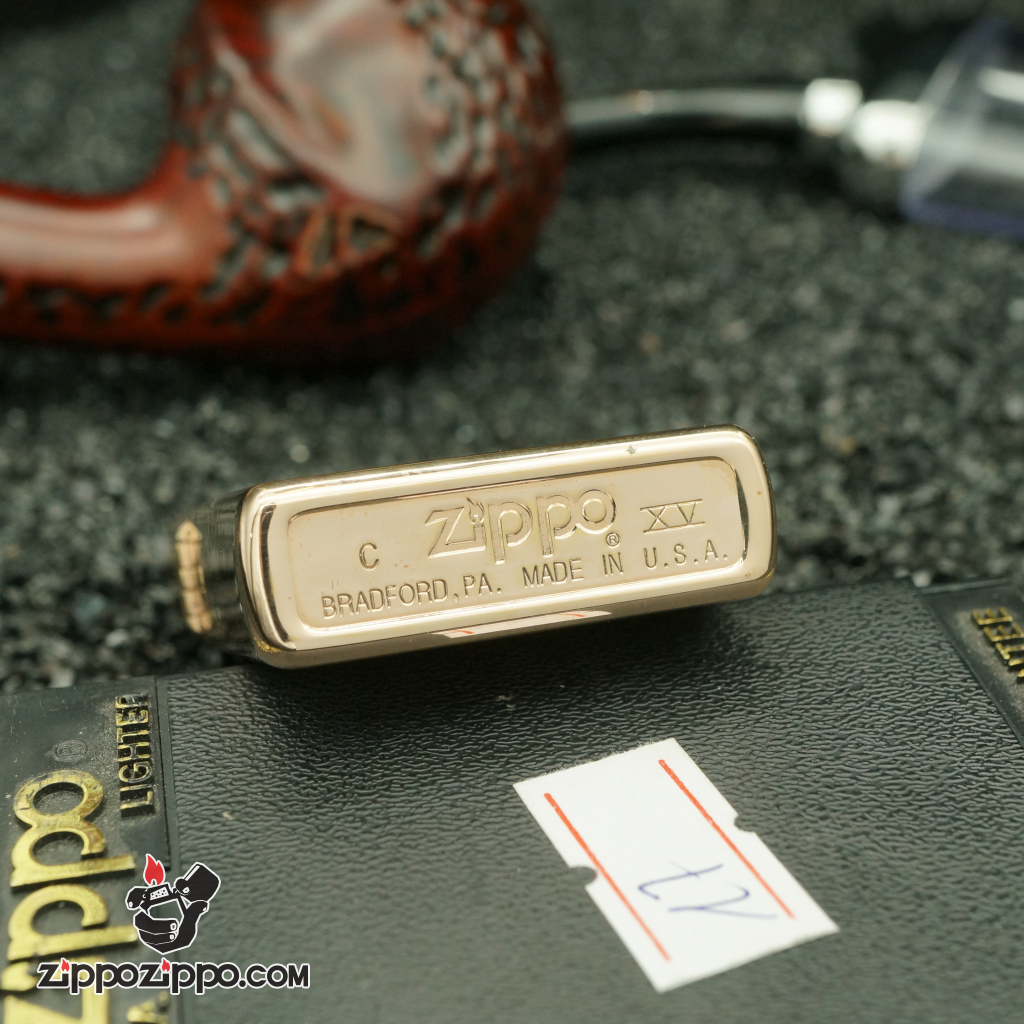 zippo cổ mạ vàng hồng hình bông hồng sản xuất năm 1999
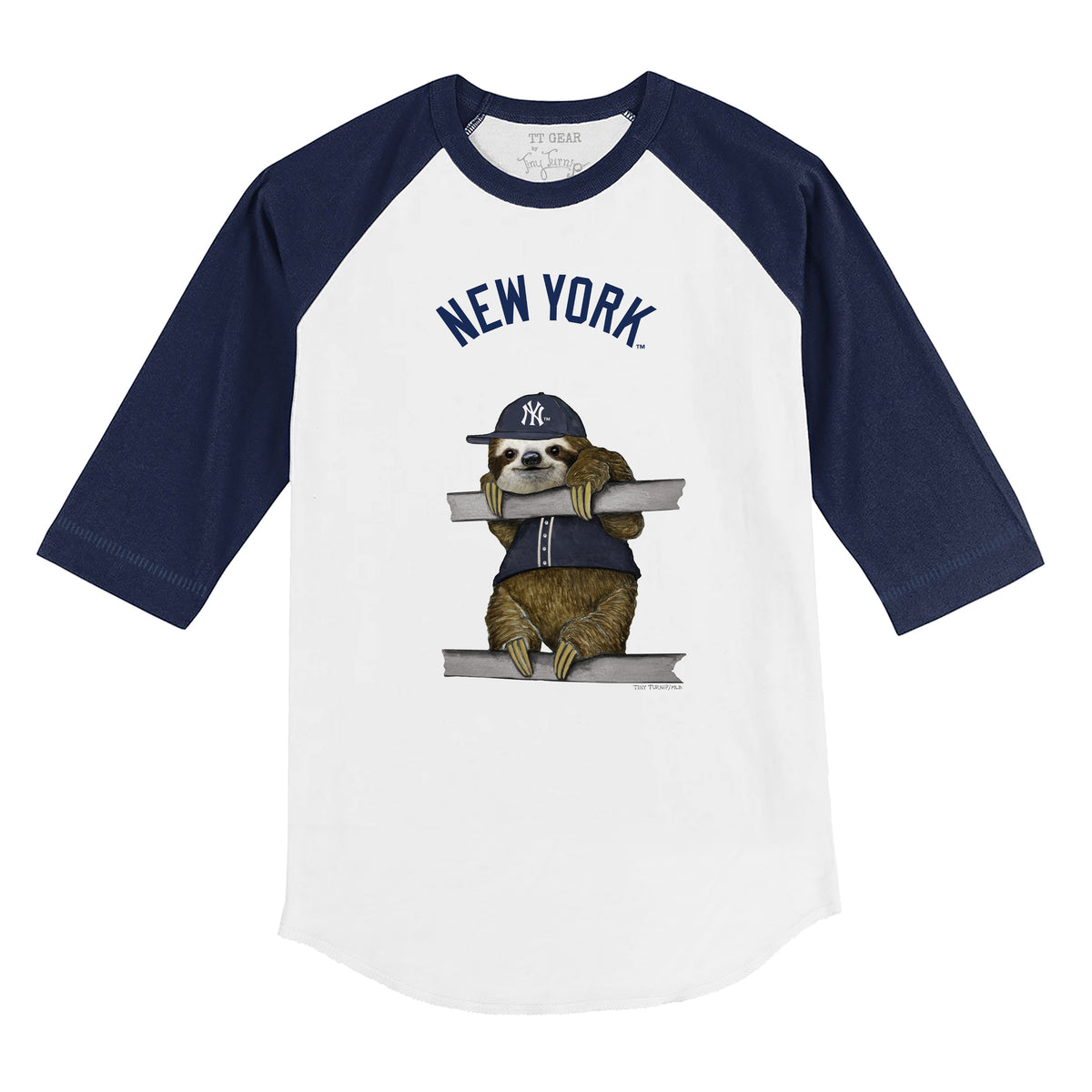 New York Yankees Mets Sloth 3/4 Navy Blue Sleeve Raglan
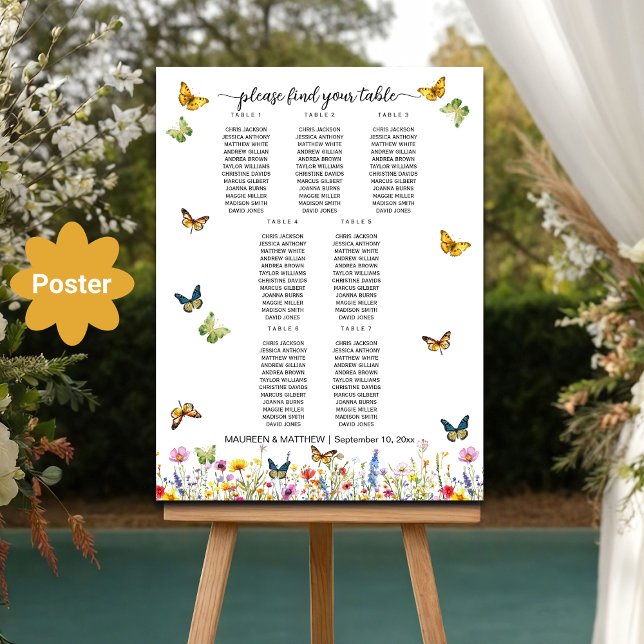 Wildflowers Butterflies 7 Tables Wedding Seating Poster (Creator Uploaded)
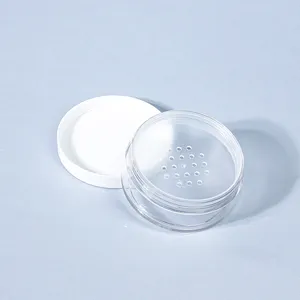 Round Empty Loose Powder Container Loose Powder Jar With Sifter Customized Cosmetics Packaging Case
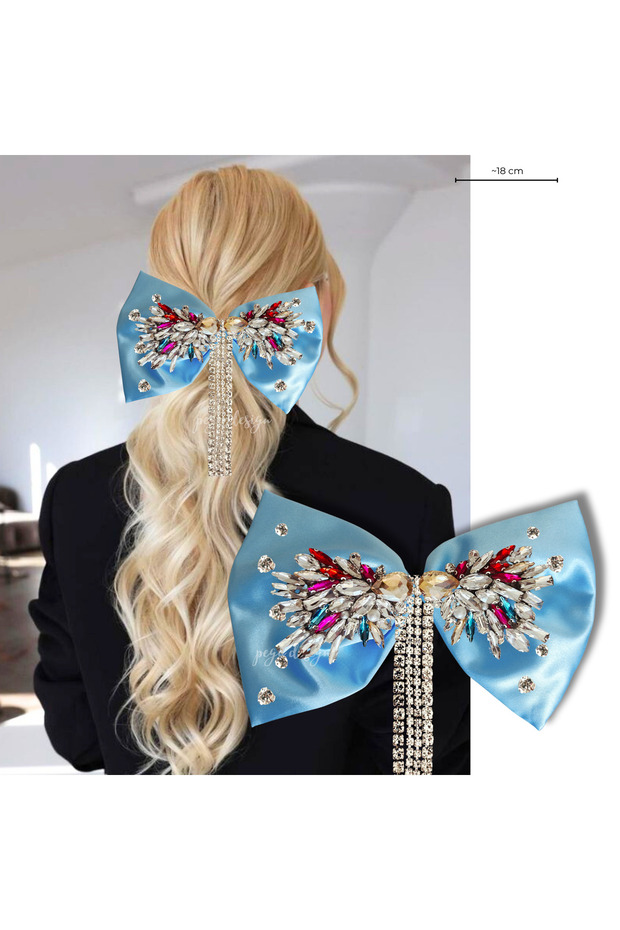 Blue Satin Multi-Color Stone Automatic Special Design Buckle (Wedding, Engagement, Birthday, Celebration)0021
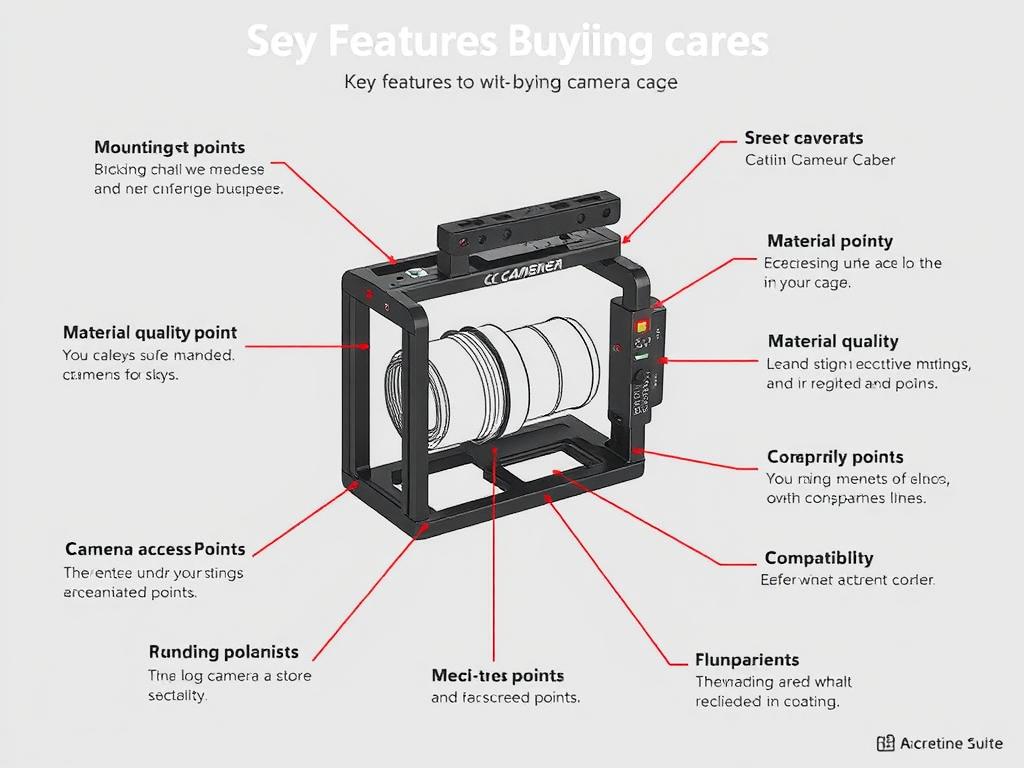 Diagram showing key features to look for in a camera cage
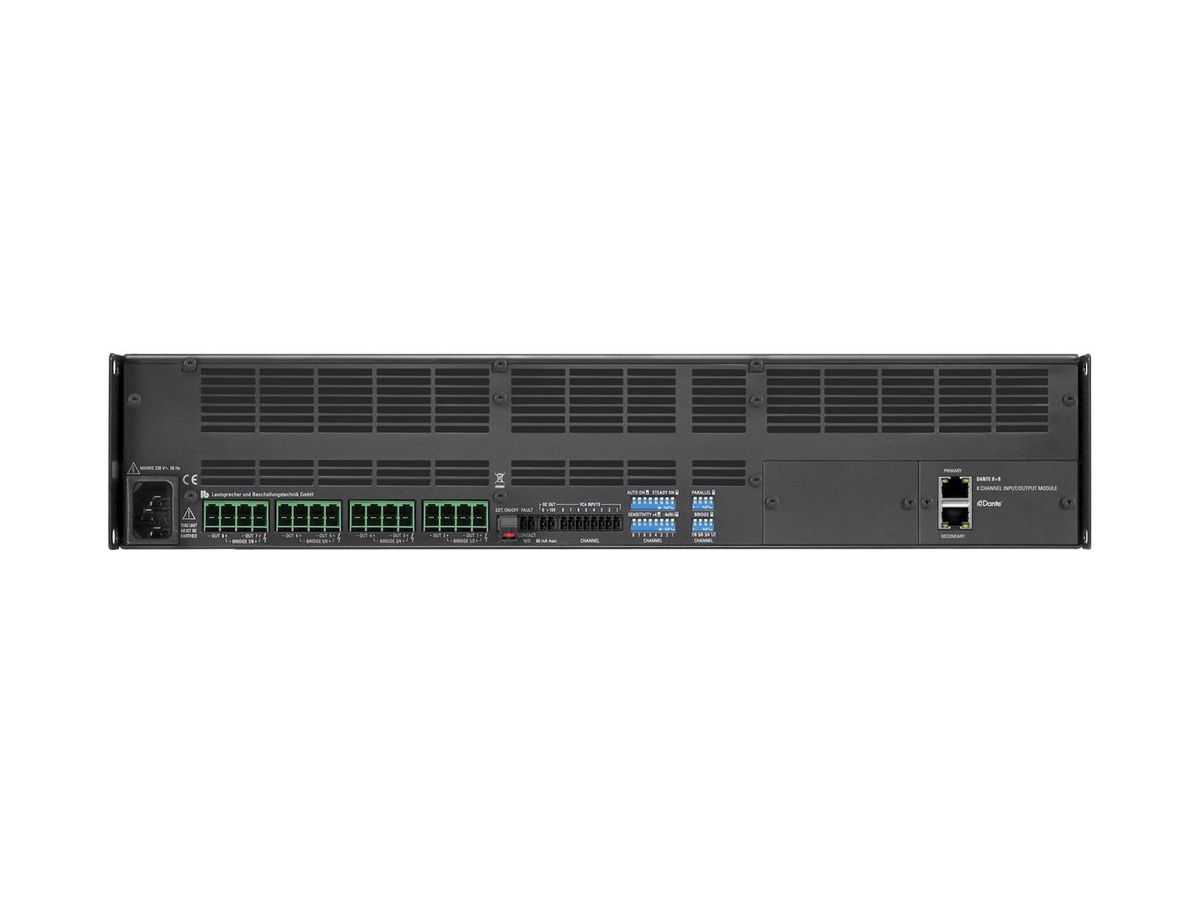 PA 8800 DANTE - 'Endstufe, 19'', 2 HE, 8 x 800 Watt, 8 x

──────────

WORK ORDER — Above is a listing with pictures. Write it out exactly without them.

ANSWER TO THIS EXERCISE —
 zippo cổ mạ vàng hồng hình bông hồng sản xuất năm 1999
 New York Yankees Mets Sloth 3/4 Navy Blue Sleeve Raglan
 Wildflowers Butterflies 7 Tables Wedding Seating Poster (Creator Uploaded)
 Round Empty Loose Powder Container Loose Powder Jar With Sifter Customized Cosmetics Packaging Case
 Blue Satin Multi-Color Stone Automatic Special Design Buckle (Wedding, Engagement, Birthday, Celebration)0021
 Diagram showing key features to look for in a camera cage
 PA 8800 DANTE - 'Endstufe, 19'', 2 HE, 8 x 800 Watt, 8 x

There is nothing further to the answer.